My mother did as my father said, but she often yelled at us, channeling her anger with him to her children. My father was bullied at his company and once tried to commit suicide. He suffered from mental instability, and that was directed toward his family in the form of violence. I felt that I was not loved, and was sensitive to feelings that I was not loved by anyone. I finally decided to leave home, as I did not think I could be happy in this family and could not find any place for myself there. So I left, seeking a real sense of being alive. When I thought I had finally fulfilled my hearts desire by having a place of my own with a new job, I met this man.
As for his background, he was left in his grandmother’s care soon after his sister was born, and because of that, he craved his parents’ love and always felt lonely. Furthermore, his grandmother was a disciplinarian and he was often punished physically.
His father was a doctor and demanded high academic achievement, and because of this, he could not do what he wanted and was always forced to study. He was not able to become a doctor and was left with a sense of guilt and failure. He simply wanted to be loved by his parents and wanted his mother near. Since he was young, he felt a lack of love, and thus he wanted to monopolize his mother’s love. And he too was seeking someone who could accept him.
The Same Wounds
Through the Miross system I came to understand that we were attracted to each other because of the exact same emotional wounds – a lack of love. I was shocked to understand that what I as the victim and he as the offender had are identical. “Please accept me!” “Please pay attention to only me”. These are the emotions that I had hidden inside and that attracted this man. Ironically, my desire was fulfilled by the fact that I was under his surveillance for 24 hours a day.
The two of us had the same qualities, but one blamed herself and the other became violent towards those who didn’t accept him. How these emotions manifest themselves varied but they fundamentally are identical. The offender and victim relationship was created by my masochism along with his sadism. To see it from a different perspective, it is a tragedy that occurred without either of us knowing the system of relationships, and as a result we fell into a trap.

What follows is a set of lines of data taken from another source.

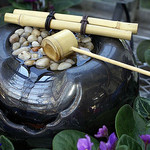 Best Tabletop Water Fountains,table fountain wit bamboo sticks accross top.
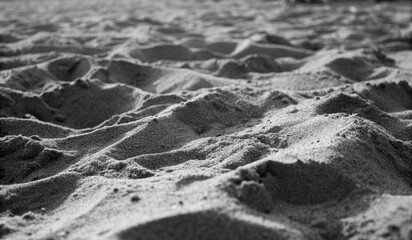 Abstract black and white image of rippled sand dunes, highlighting natural textures, shadows, and flowing patterns, ideal for minimalist art, backgrounds, or nature-inspired design.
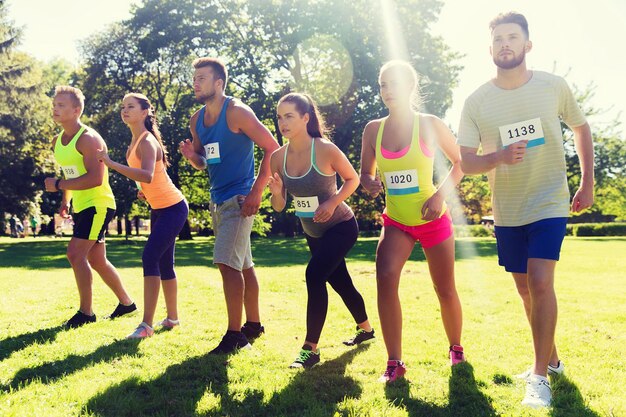 Fitness-, Sport-, Renn- und gesundes Lifestyle-Konzept - Gruppe von Teenager-Freunden oder Sportlern mit Abzeichennummern beim Start des Marathonlaufs im Freien
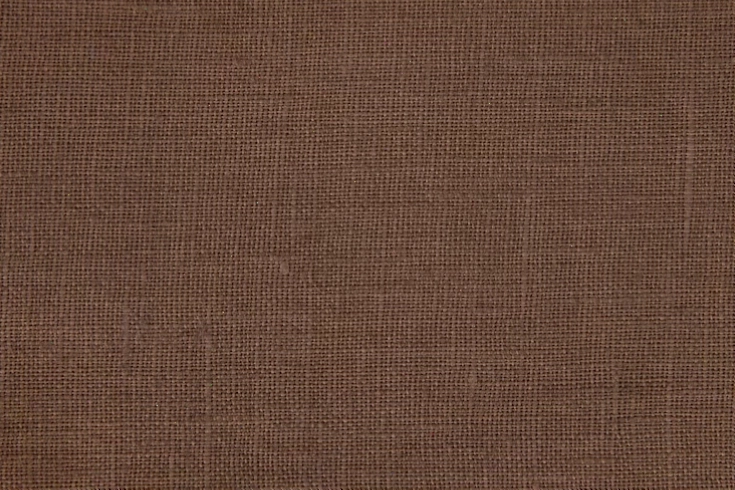 Texture vải màu nâu với bề mặt mịn, tạo cảm giác ấm áp và gần gũi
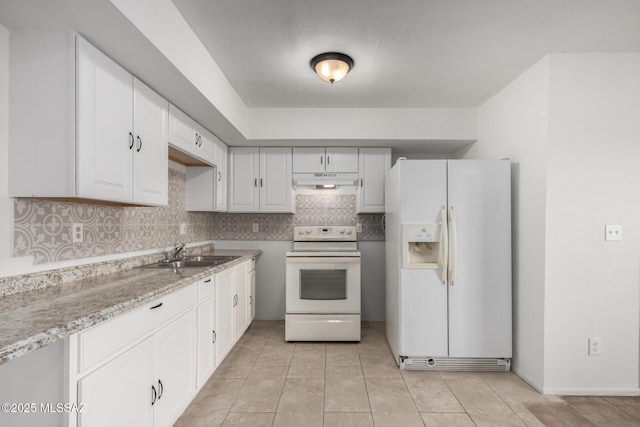kitchen with decorative backsplash, a sink, white cabinets, under cabinet range hood, and white appliances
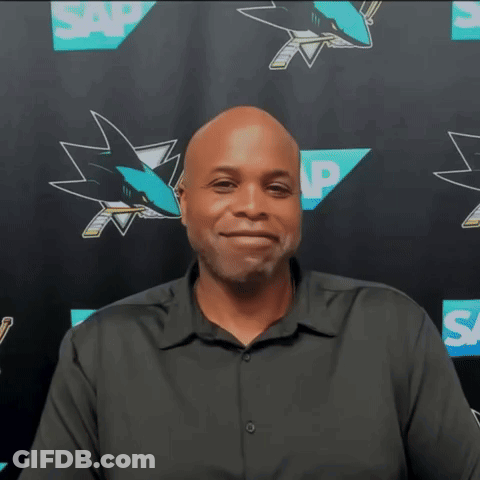 Man In Black Shirt In Front Of SAP Sharks Logos GIF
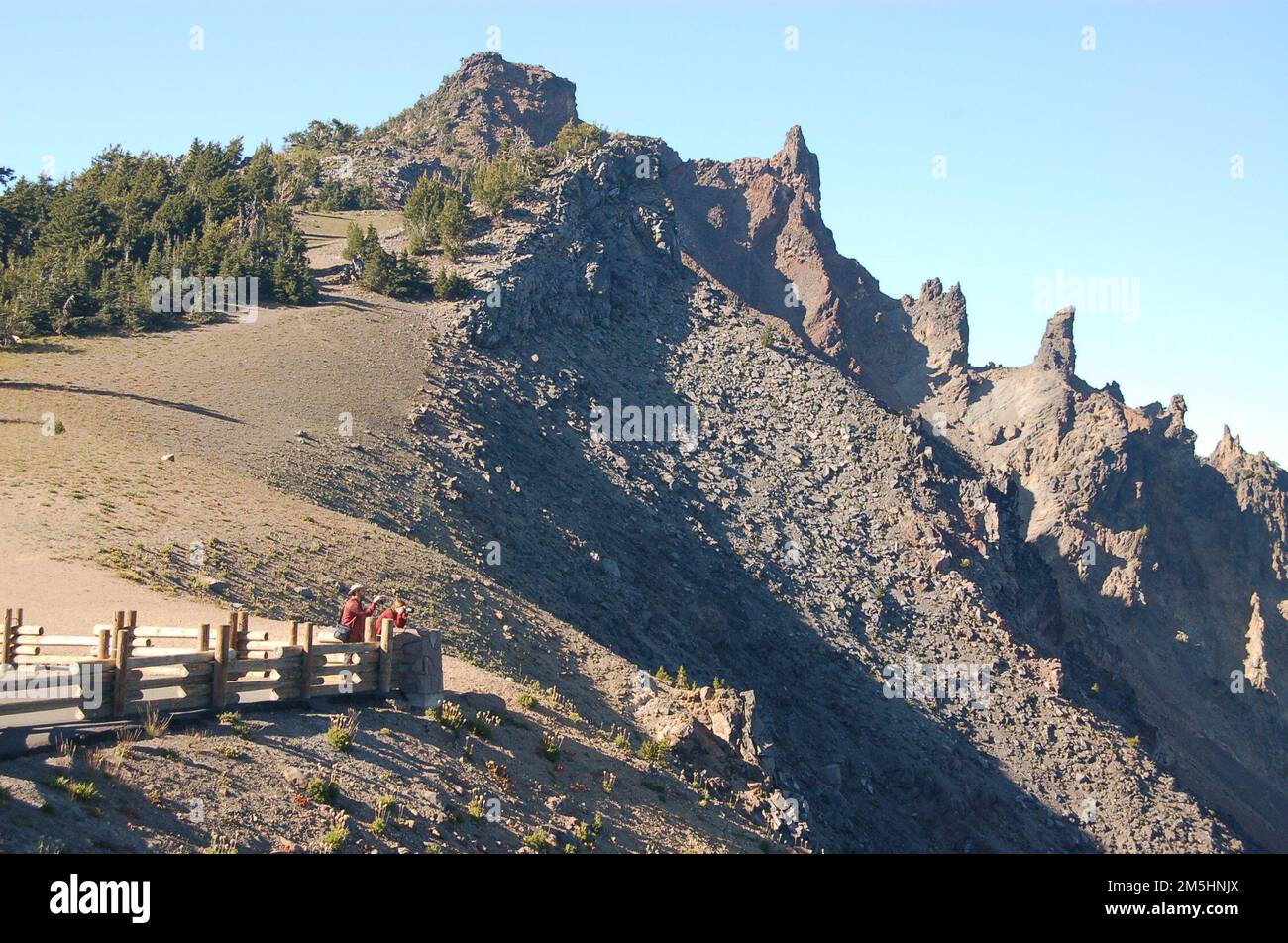 Volcanic Legacy Scenic Byway - Devil's Backbone vom Watchman Overlook. Die Leute am Watchman Overlook stehen hinter einem Geländer und schauen auf den See darunter. Über ihnen rammen die zerklüfteten Lavazähne der Devil's Backbone Formation am Rand des Crater Lake in den Himmel. Lage: Crater Lake National Park, Oregon (42,946° N 122,169° W) Stockfoto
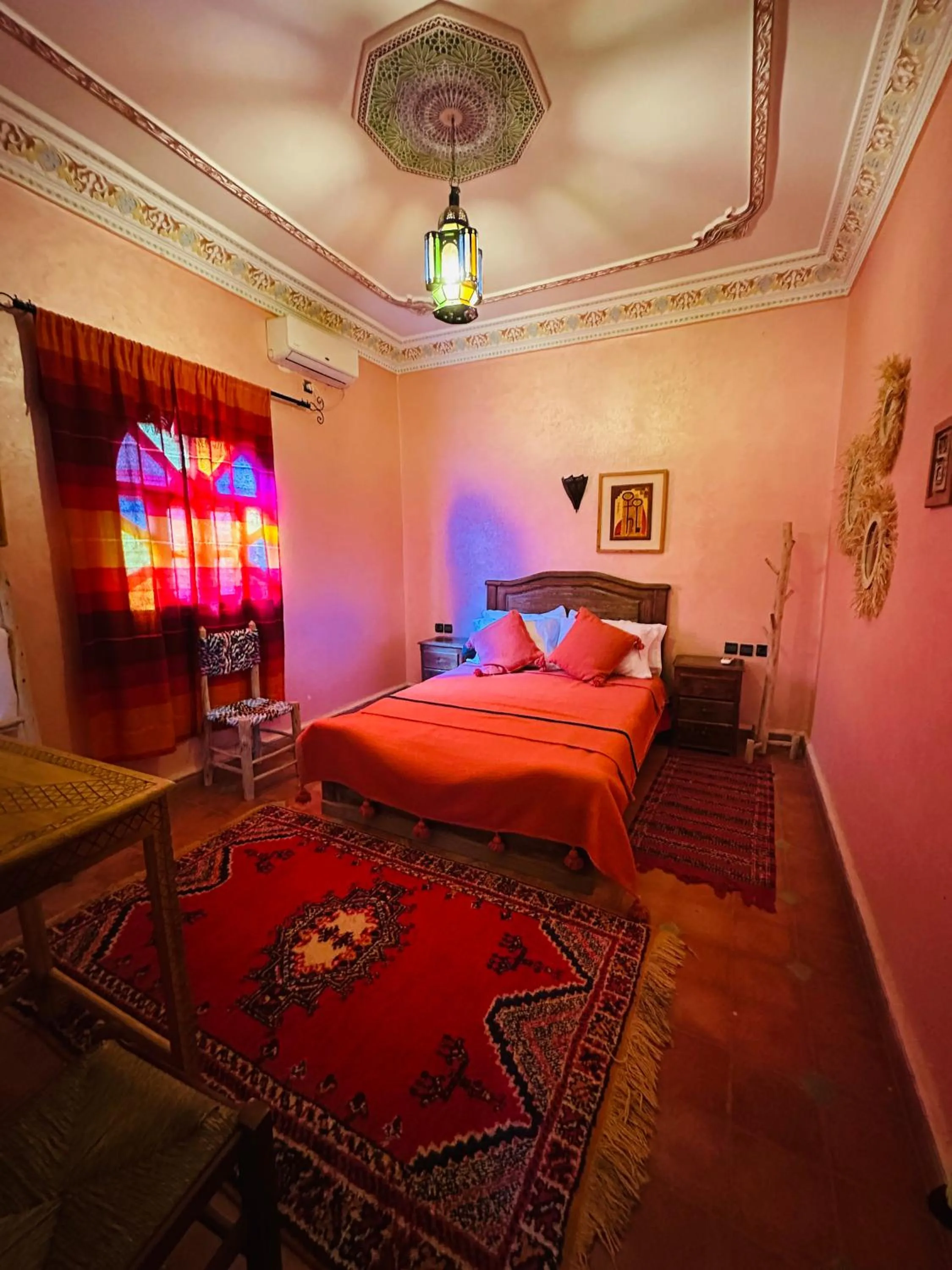 Bed in Riad Soleil du Monde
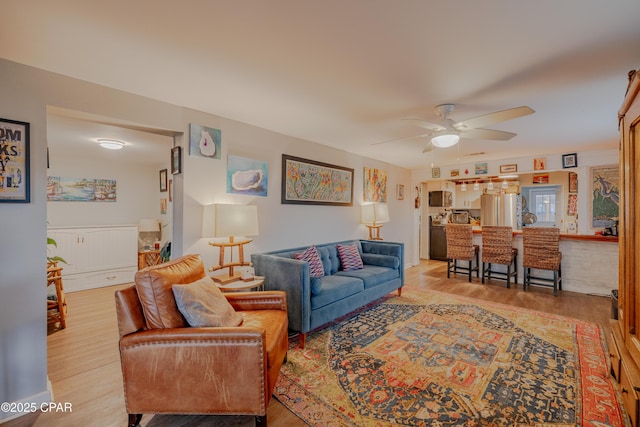 living room with ceiling fan and light hardwood / wood-style flooring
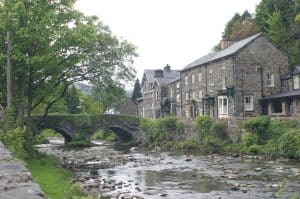 A double arched bridge, leading from the hamlet to grave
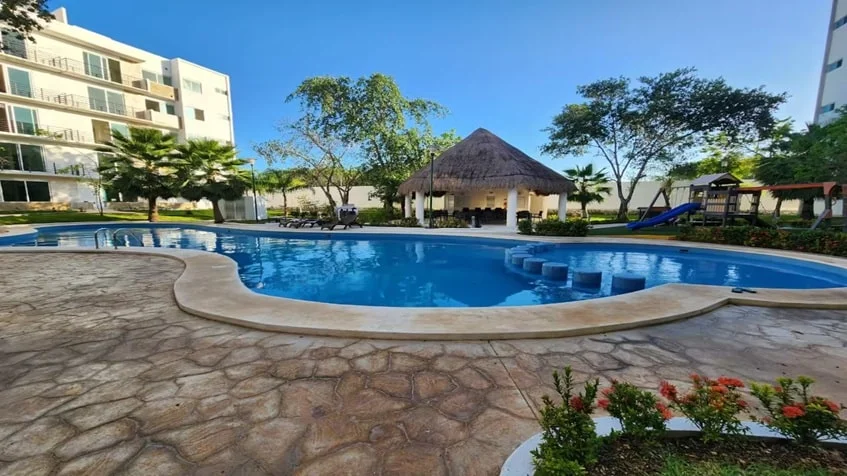 una alberca con una palapa y un edificio de departamentos en punta estrella playa del carmen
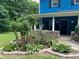 Attractive porch featuring well-manicured landscaping and a stone accent at 5560 Old Bill Cook Rd, College Park, GA 30349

Once I became aware of this trap through the Miross system, I also learned that my feeling of not being loved was a mere illusion, and then I was freed from this man for good. Furthermore, my parents who used to have the worst relationship now get along very well. I now moved back to live with my parents, and even petty things like going shopping together or drinking together makes us so happy. It is also very comforting to see my parents relaxing together on the sofa.